**EXERCISE BRIEF**
Filter out every line below that lacks "featuring", and copy the rest.

**EXTRACTED INFORMATION**
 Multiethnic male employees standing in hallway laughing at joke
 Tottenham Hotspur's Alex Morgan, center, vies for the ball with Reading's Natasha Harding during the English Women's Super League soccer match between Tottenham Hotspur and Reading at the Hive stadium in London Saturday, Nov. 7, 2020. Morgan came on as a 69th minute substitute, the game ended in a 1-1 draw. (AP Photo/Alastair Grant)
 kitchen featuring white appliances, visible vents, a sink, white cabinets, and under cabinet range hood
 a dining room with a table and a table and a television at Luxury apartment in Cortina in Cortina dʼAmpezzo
--
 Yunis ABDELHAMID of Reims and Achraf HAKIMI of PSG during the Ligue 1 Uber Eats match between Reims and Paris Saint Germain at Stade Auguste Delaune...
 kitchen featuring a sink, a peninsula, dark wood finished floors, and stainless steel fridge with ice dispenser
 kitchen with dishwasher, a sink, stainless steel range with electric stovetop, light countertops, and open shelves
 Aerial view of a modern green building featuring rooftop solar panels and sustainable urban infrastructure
* * *
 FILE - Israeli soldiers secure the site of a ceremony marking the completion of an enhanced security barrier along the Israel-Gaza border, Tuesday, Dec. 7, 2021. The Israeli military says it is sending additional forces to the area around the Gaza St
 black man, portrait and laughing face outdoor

**EXPECTED OUTPUT**
 kitchen featuring white appliances, visible vents, a sink, white cabinets, and under cabinet range hood
 kitchen featuring a sink, a peninsula, dark wood finished floors, and stainless steel fridge with ice dispenser
 Aerial view of a modern green building featuring rooftop solar panels and sustainable urban infrastructure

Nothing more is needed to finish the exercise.